━━━ Materials provided

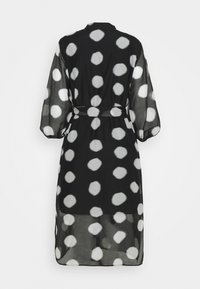 Robe noire transparente à grands pois blancs, manches longues bouffantes, taille ceinturée et longueur midi, vue de dos.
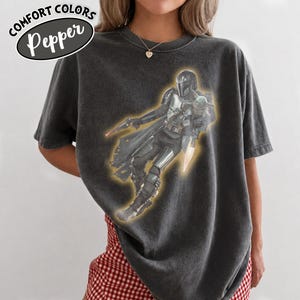 Puede incluir: Una camiseta gris carb&oacute;n de manga corta con un estampado gr&aacute;fico de un personaje blindado que sostiene un bl&aacute;ster y lleva una peque&ntilde;a criatura. El texto COMFORT COLORS Pepper est&aacute; impreso en la esquina superior izquierda. Cuello redondo.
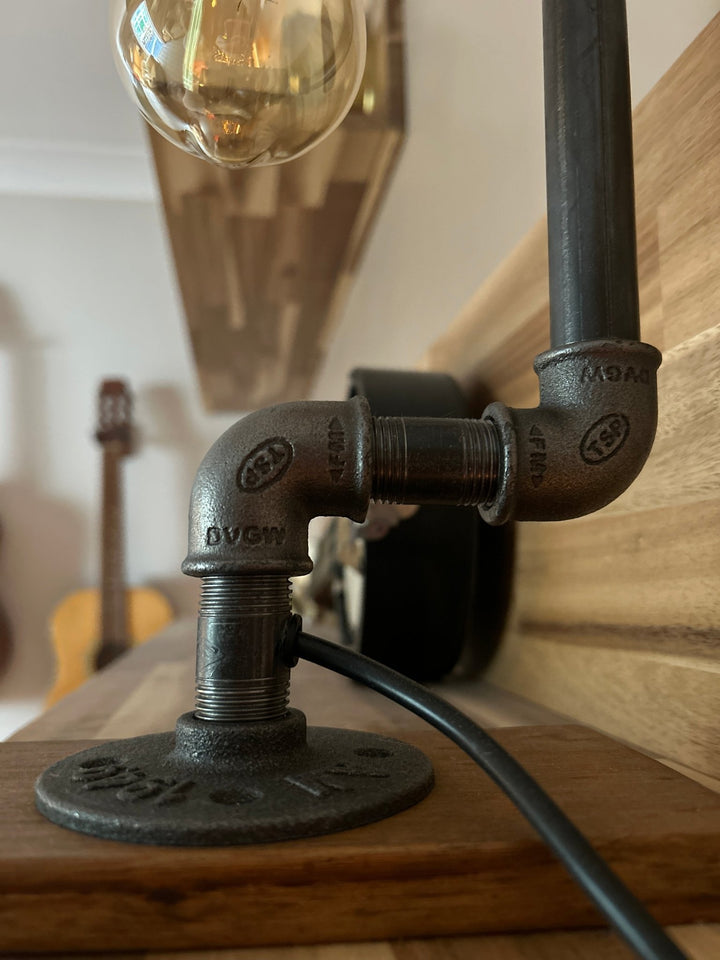 close up of pipework pieces that make up the industrial standpipe lamp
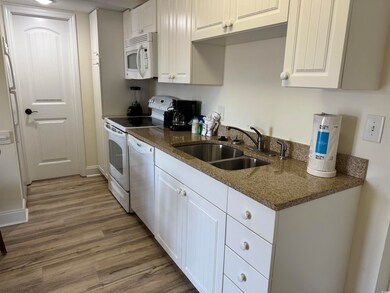 Kitchen with white appliances, wood finished floor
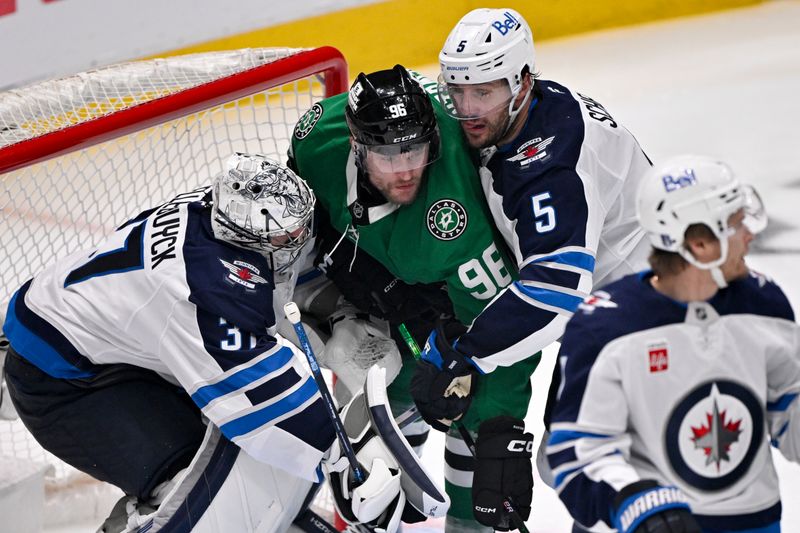 May 17, 2025; Dallas, Texas, USA; Winnipeg Jets goaltender Connor Hellebuyck (37) and defenseman Luke Schenn (5) and Dallas Stars right wing Mikko Rantanen (96) battle for position in the crease during the third period in game six of the second round of the 2025 Stanley Cup Playoffs at American Airlines Center. Mandatory Credit: Jerome Miron-Imagn Images
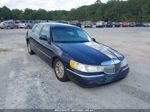 1999 Lincoln Town Car Signature Blue vin: 1LNHM82W4XY673193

━━━━━━

Brief | Please write out the lines above exactly, from the one that contains "close up of" through the final line, and include none of the pictures.

Your solution |
 close up of pipework pieces that make up the industrial standpipe lamp
 Kitchen with white appliances, wood finished floor
 May 17, 2025; Dallas, Texas, USA; Winnipeg Jets goaltender Connor Hellebuyck (37) and defenseman Luke Schenn (5) and Dallas Stars right wing Mikko Rantanen (96) battle for position in the crease during the third period in game six of the second round of the 2025 Stanley Cup Playoffs at American Airlines Center. Mandatory Credit: Jerome Miron-Imagn Images
 1999 Lincoln Town Car Signature Blue vin: 1LNHM82W4XY673193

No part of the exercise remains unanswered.